Last year, sake production dropped below 1 million kiloliters for the first time since the industry’s postwar recovery. Much of this drop was seen in the realm of cheap sake and honjozo, whereas the higher grades of junmaishu and ginjoshu stayed the same or made very modest production gains. Fewer people, it appears, are drinking less expensive sake.
In the early ’70s, honjozo was all the rage. This was before the days of the “ginjo boom,” a time when there was very little of this mysterious ginjoshu stuff even available. Back then, there was even a group known as the Honjozo Kyokai. A poster showing the labels of their members is now a collector’s item. (Well, OK, at least I cannot get myself to throw mine away.)
But now, honjozo has fallen to the bottom of the top. Which is to say, honjozo is still considered “premium sake,” but not quite as premium as junmaishu and the various grades of ginjoshu.
Honjozo is still in the top 20 percent of all sake brewed. But the benchmark of what constitutes good sake continues to rise steadily. Improving technology and consumer demand have combined to encourage producers to raise the standard. Or, as George W. Bush has been known to gaffe, to “raise the pie higher.”
As most readers likely recall, honjozo, or more formally honjozoshu, is sake made with rice that has had at least the outer 30 percent milled away, i.e. it has a seimai-buai of at least 70 percent and has had a very small amount of distilled alcohol added at one step to help pull out aromatics and flavors from the mash. Junmaishu (and any sake labeled with the junmai characters) has not been made using this added-alcohol “tool.”
Despite what purists might say, the use of this added alcohol is but one more method and does not detract from quality. Squabbling aside, the term honjozo came about in the late ’60s to help differentiate this new premium sake from very cheap stuff, to which copious amounts of alcohol are added simply to increase yields. Although the word itself alludes to “the original method of brewing,” it is anything but, since until the war no sake was made using this added-alcohol method.
The drop in honjozo production probably has more to do with the level of rice milling. With the rice only milled down to 70 percent of its original size, the ferment will not respond as well to aroma-creating yeasts and ginjo-producing methods.

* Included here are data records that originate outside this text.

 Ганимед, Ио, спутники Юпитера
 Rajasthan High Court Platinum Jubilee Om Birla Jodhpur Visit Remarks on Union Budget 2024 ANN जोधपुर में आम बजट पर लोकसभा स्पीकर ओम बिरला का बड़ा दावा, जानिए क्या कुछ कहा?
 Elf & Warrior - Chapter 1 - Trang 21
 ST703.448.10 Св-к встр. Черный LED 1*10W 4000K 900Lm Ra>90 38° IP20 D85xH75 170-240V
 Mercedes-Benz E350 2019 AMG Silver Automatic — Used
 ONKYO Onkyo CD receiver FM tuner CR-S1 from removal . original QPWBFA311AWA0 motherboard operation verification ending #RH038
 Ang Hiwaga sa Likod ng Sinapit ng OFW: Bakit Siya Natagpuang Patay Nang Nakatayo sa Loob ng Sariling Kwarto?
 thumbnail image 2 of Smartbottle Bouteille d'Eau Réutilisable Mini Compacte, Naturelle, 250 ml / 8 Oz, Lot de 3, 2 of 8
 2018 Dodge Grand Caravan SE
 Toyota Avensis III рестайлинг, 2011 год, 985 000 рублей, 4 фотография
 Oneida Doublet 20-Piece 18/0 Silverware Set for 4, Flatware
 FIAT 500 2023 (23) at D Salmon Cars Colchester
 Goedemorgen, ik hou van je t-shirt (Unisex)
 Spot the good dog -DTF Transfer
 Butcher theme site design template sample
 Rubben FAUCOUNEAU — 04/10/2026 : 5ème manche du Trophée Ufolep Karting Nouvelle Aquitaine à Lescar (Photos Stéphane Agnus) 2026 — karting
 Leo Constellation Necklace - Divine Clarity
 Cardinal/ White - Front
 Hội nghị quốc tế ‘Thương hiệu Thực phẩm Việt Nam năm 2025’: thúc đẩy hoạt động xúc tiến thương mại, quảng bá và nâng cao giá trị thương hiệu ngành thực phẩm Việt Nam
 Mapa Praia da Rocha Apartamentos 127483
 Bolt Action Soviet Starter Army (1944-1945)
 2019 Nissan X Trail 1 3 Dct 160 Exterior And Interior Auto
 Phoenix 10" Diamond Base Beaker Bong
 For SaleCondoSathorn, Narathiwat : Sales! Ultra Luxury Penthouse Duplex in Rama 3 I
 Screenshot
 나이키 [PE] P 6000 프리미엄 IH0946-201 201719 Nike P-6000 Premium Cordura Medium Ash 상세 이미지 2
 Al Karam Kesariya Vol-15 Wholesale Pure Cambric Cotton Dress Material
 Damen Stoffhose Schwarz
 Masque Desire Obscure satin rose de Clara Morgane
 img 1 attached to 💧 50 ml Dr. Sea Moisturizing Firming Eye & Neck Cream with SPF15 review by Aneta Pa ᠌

Many consumers are beginning to expect more fragrant and refined sake to be the minimum standard.
Also, by milling the rice only another 10 percent, to 60 percent of its original size, brewers can classify the sake as ginjo. This is purely conjecture on my part, but being able to classify sake in the ginjo realm is like crossing over a large psychological border in terms of marketing.
But honjozo is still very worthy sake, and can be great value for your money. Although honjozo is generally not as refined, complex or lively as most ginjoshu, it is still usually light, fragrant and smooth. In fact, it is often much easier to drink than massively flavorful and fragrant ginjo, which some tipplers may find cloying.
The seeming fall from grace of honjozo can be taken as a sign that sake overall has been getting better. Better milling technology, greater availability of proper sake rice and new yeast strains are converging to meet ever-rising consumer demands.
Not to be forgotten, by the way, is tokubetsu honjozo, or “special honjozo.” This nebulous classification refers to honjozo made with better-than-average rice, more milling and/or special methods, and can really strike the balance between simplicity and polish.
Not to end on a dour note, but the industry is still in trouble, and the drop in sales of any grade of sake hurts. Higher standards alone for better sake will not help things. Unless consumers start to drink more of the kind of sake they have come to demand, the decline of the industry overall will continue. We all must do our share. Kanpai!
For a more detailed explanation and description of the various grades of sake than space permits here, go to www.sake-world.com/html/types-of-sake.html
On the evening of July 27, Japan Times Ceramics Scene columnist Robert Yellin and I will be hosting a sake and Japanese pottery seminar from 6 to 9 p.m. at the sake pub Mushu near Shin Ochanomizu and Awajicho stations. The sake topic will be toji ryuha, or the guilds of master brewers in the sake world.
Participation is limited to 40 people. The cost, which includes six sake samples and ample food, is 7,000 yen. If you are interested in attending, e-mail firstname.lastname@example.org
Isojiman (Shizuoka Prefecture)
Indeed, Isojiman is among the most popular sake in Japan and quite deservedly so. It is also a great example of why it is not always best to shoot for top-grade daiginjo. This honjozo (albeit tokubetsu) has heaps of memorable character, flavor and charm. A slightly citrus-laced, mildly fruity aroma leads into a subtly rich and autumnal flavor.